Однако, несмотря на все строгие меры, болезнь распространилась за пределы Москвы. Так один мастеровой из села Пущино перед отъездом домой купил своей жене кокошник, принадлежавший девушке, умершей от чумы. Это привело к эпидемии в данном населенном пункте. Паника в городе оказалась настолько сильной, что из нее даже бежал московский главнокомандующий Салтыков, герой Семилетней войны 1756-1763 г., а вместе с ним выехали губернатор Бахметьев и обер-полицай Юшков. За оставление своих постов они были уволены со службы. После этого Москва попала под надзор генерал-поручика Ерошкина, который дал приказ никого из города в Петербург не пускать, и вдоль дороги была протянута сторожевая цепь из солдат.

Тем не менее не-смотря на все принятые меры, эпидемия набирала все большие обороты. Последний раз данное заболевание на-блюдалось в Москве в 1386 г., и поэтому у ее жителей не осталось никакого иммунитета против чумы. Фурманщики оказались не в состоянии перевозить всех больных, и поэтому новых санитаров набирали из числа каторжников и лиц, приговоренных к смертной казни.

16 сентября в Москве вспыхнул бунт. В начале сентября, когда эпидемия достигла своего пика, священник церкви «Всех святых» стал рассказывать прихожанам, что одному фабричному работнику во сне привиделась Богородица, которая заявила - ее образу, находящемуся над Варварскими воротами, уже несколько десятков лет никто не пел молебнов и не ставил свечей. А во время праздников народ напивался и блевал прямо под иконой. Поэтому Христос разгневался и хотел послать на Москву каменный дождь, но матерь божья упросила его ограничиться отправкой в город только одного мора, надеясь, что он образумит москвичей. Данные слухи быстро распространились среди простых людей и кем-то искусственно подогревались.
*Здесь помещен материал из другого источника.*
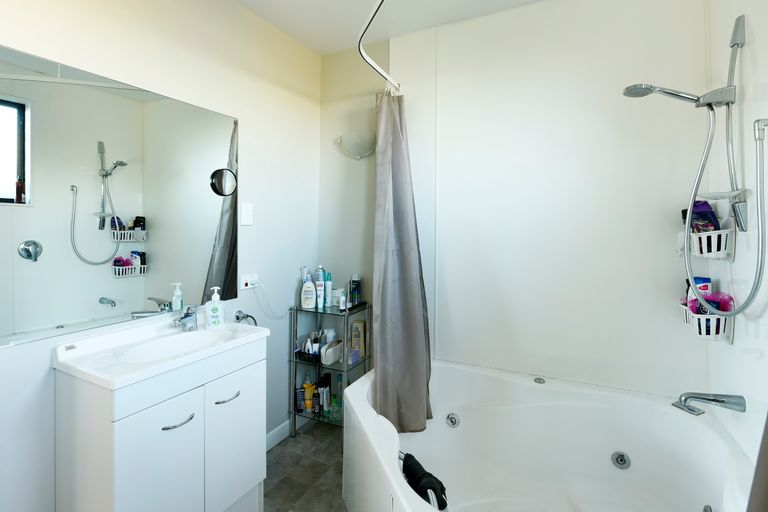 Photo of property in 11a Polstead Road, Stoke, Nelson, 7011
Под влиянием этой пропаганды толпы людей повалили к местоположению иконы, которая помещалась высоко над воротами. Верующие поставили лестницу и по ней лазили для установки свечей. В связи с этим проезд оказался закрыт. Чтобы положить конец этим сборищам, ибо они приносят огромный вред при эпидемиях, митрополит Амвросий приказал убрать икону в церковь, а собранные там деньги отдать на содержание воспитательного дома. По этому поводу он договорился с Ерошкиным. Для выполнения данной операции послали небольшой отряд солдат с двумя подьячими, которые должны были наложить печати па сундук с монетами.
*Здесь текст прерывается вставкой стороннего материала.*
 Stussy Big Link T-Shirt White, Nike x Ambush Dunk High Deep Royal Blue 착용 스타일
Когда народ это увидел, то из толпы закричали:

- Бейте их! Богородицу обирают!

После этого ударили в набат у Спасских ворот, что было воспринято верующими как глас божий, и они набросились на солдат. Многотысячная толпа, вооруженная чем попало, ворвалась в Чудовскую обитель и начала грабить погреба с вином. Далее народ ринулся в Донской монастырь, где скрывался Амвросий от своих прихожан, и в произошедшем с ними столкновении митрополит оказался убит. Потом люди направились к Ерошкину, который к этому времени вызвал подкрепление и выехал на Красную площадь, куда стекались жители города. Там генерал начал уговаривать собравшихся разойтись. Тем не менее толпа двинулась к Кремлю, кидая в солдат камни и поленья. Перед Спасскими воротами поставили две пушки и стали стрелять в народ холостыми зарядами, но это явилось ошибочным ходом. Горожане, увидев, что убитых нет, начали кричать:

- Мать крестная Бо-городица нас от пуль защищает. Бей христопродавцев.

Люди ринулись к воротам, и тогда был открыт огонь картечью. Толпа в страхе начала отступать на прилегающие улицы, а вслед за ними поскакали драгуны. Ерошкин два дня подряд не слезал с коня и лично участвовал в стычках с народом. За принятые меры царица наградила его Андреевской лентою через плечо и пожаловала 4 тысячи крепостных. Однако генерал отказался от дара и искренне сказал:

- Нас с женой только двое, детей нет, состояние имеем, к чему же нам набирать себе лишнее.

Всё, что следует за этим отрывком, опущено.